Bima dengan sigap menangkap kedua keponakannya meski wajahnya masih diliputi kantuk. “Kalian kok makin besar makin berisik, sih?” ucapnya pura-pura marah. “Om Bima kan masih ngantuk.”
“Kok Om Bima udah di rumah? Kata Oma, Om Bima pulangnya baru nanti malam.”
“Om tukeran tiket sama temen Om.” Bima menurunkan kedua keponakannya itu lalu berjongkok agar sejajar dengan mereka. “Oleh-olehnya nanti malam ya. Om masih capek, mau istirahat dulu.”
“Nggak mau..”
“Sekarang aja Om...”
“Mau oleh-oleh..”
“Tidurnya nanti aja Om...”
Bima meringis ketika dua bocah itu berteriak-teriak tanpa henti. Kopor yang berisi oleh-oleh masih ada di bawah, karena begitu sampai di rumah Bima langsung menuju ke kamarnya dengan satu tujuan, tidur.
“Sayang, Om Bima-nya masih capek, biar istirahat dulu. Kalian juga harus tidur siang seperti Om Bima. Oleh-olehnya buat nanti malam saja, ya,” Dinda berusaha membujuk anak kembar itu. “Nanti Kak Dinda bacain dua cerita, deh.”

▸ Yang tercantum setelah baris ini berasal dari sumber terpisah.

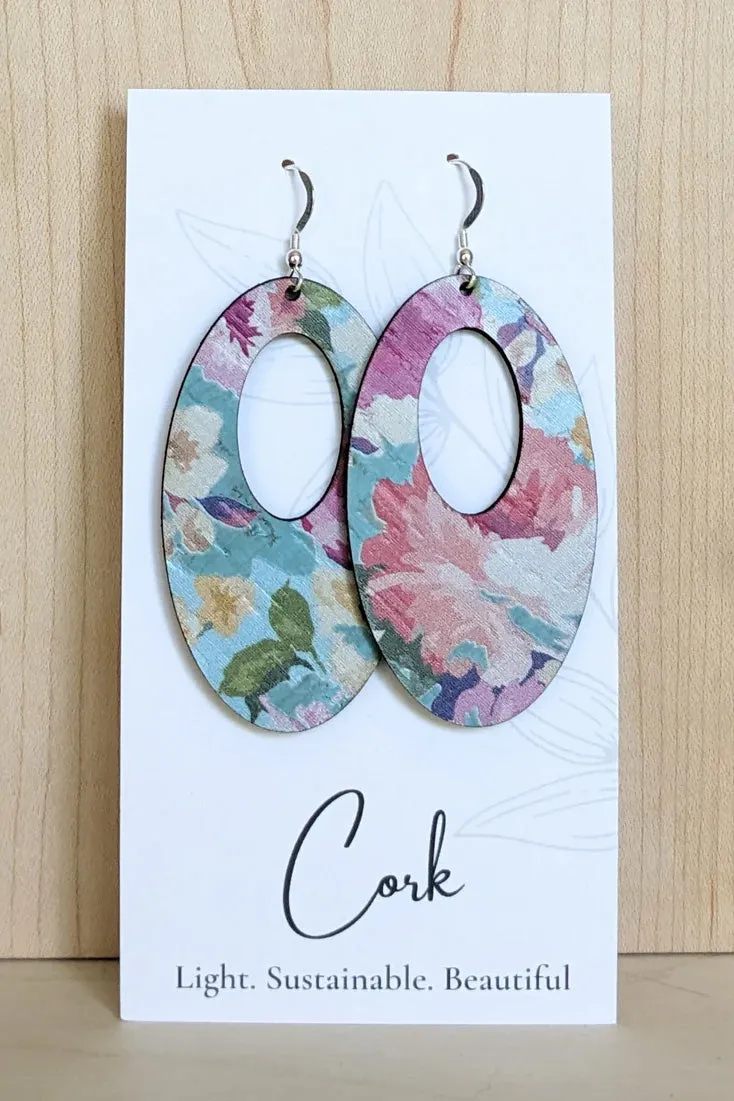 Oval Shaped Cork Earrings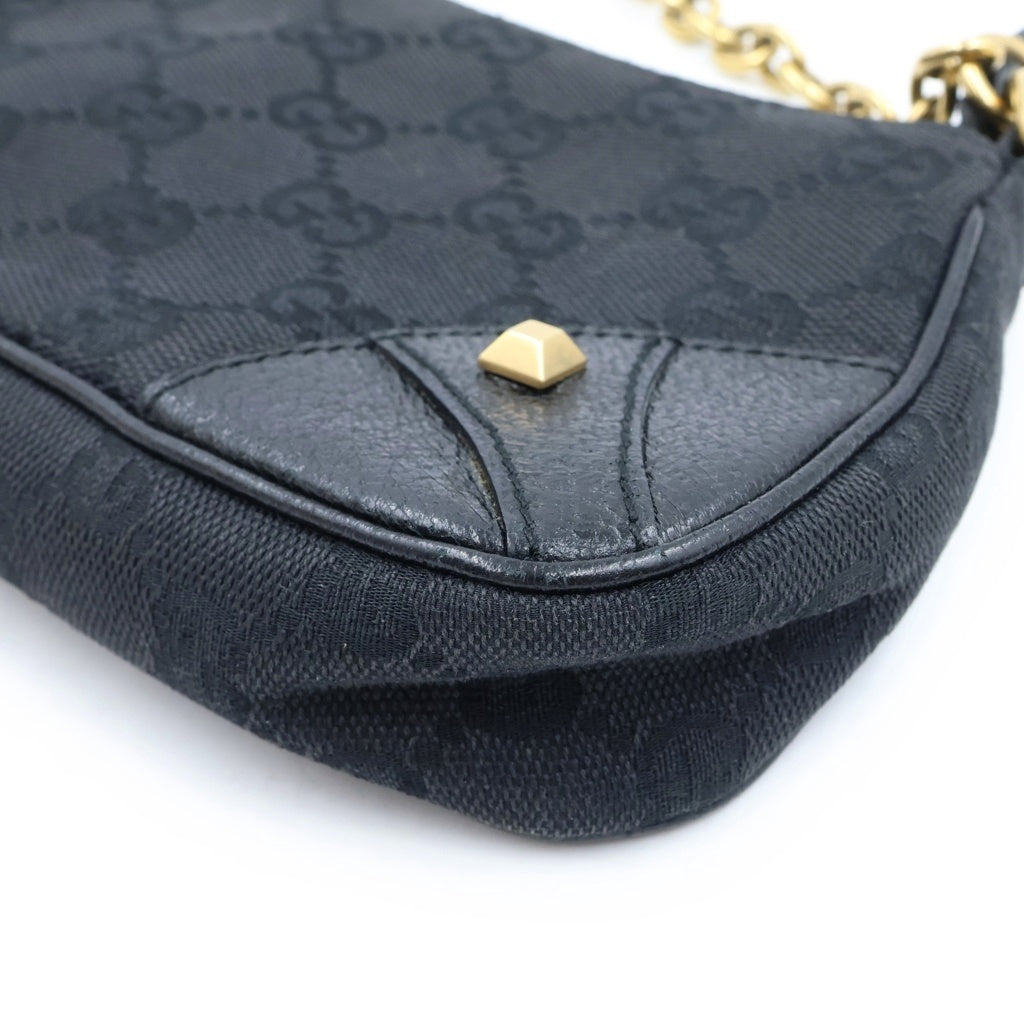 GUCCI(グッチ) GGキャンバス チェーンハンドバッグ ブラック レザー×キャンバス 120940 ゴールド金具 レディース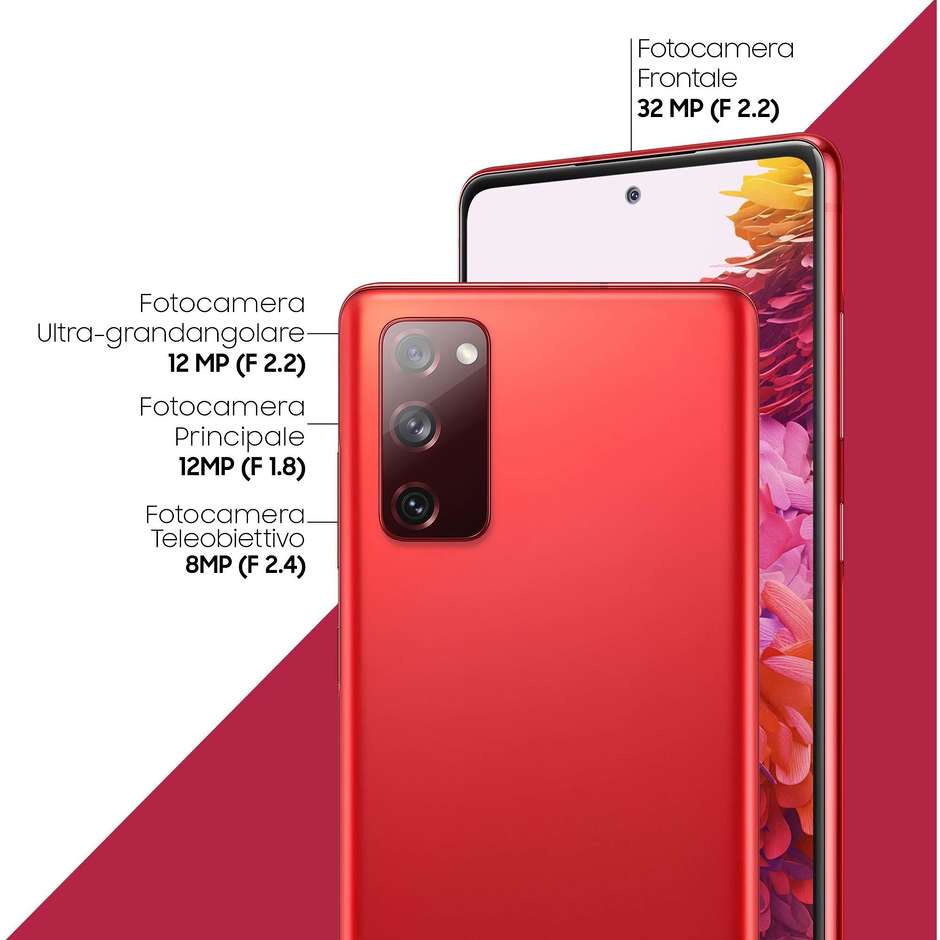 Samsung Galaxy S20 FE Smartphone 6,5'' Ram 6 Gb Memoria 128 Gb Android colore rosso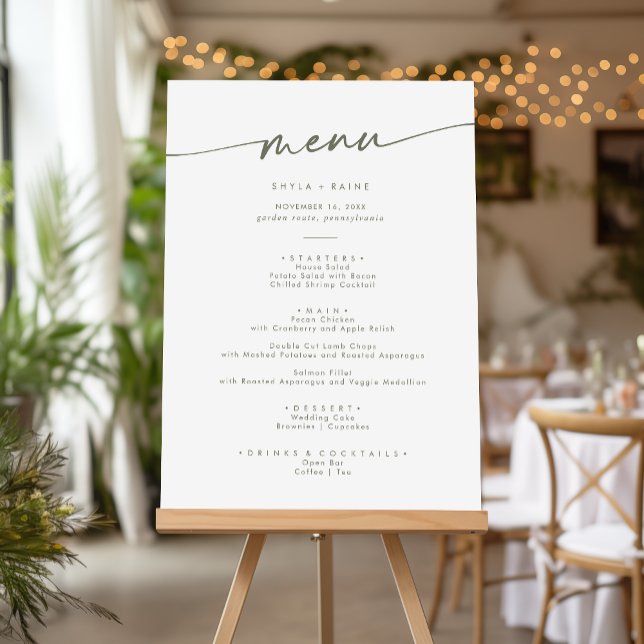 Boho Chic Green and White Wedding Menu Foam Board (Creator Uploaded)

“Yang bener, Kak?” seru Tasya.
“Iya dong, yang penting Tasya sama Rasya nurut apa kata Kak Dinda.”
“Hore..”
“Ayo, Kak...”
“Cepetan...”
Tasya dan Rasya dengan cepat beralih pada Dinda, menariknya menuju ke kamar mereka. Bima hanya bisa menghela napas lelah. Inilah yang membuatnya pulang diam-diam. Jika mengikuti jadwal keberangkatan tiketnya yang asli, sudah pasti Kartika dan pasukan kecilnya akan menyambutnya di bandara dengan spanduk selamat datang.
Selamat tinggal hidup tenang, batinnya saat matanya menatap Dinda yang dikelilingi si kembar sambil melompat-lompat dan menarik tangannya masuk ke kamar.
Benar saja. Belum sampai satu jam Bima memejamkan mata, pintu kamarnya kembali diketuk. Tanpa dipersilakan Kartika masuk dan menyuruh Bima bangun.
“Apaan sih, Ma?” erang Bima malas.
“Ditunggu Papa di bawah,” ucap Kartika. Sebelum keluar wanita itu berbalik dan mengancam Bima, “Awas, jangan tidur lagi!”
Dengan mata yang masih mengantuk, Bima keluar mengikuti Kartika ke ruang keluarga. Ayahnya, Iskandar, sudah duduk di sana menonton acara berita ekonomi di televisi. Begitu melihat putra kesayangannya itu, Iskandar mematikan televisi dan berdiri menyambut Bima.
“Hai, Pa,” kata Bima sambil memeluk ayahnya.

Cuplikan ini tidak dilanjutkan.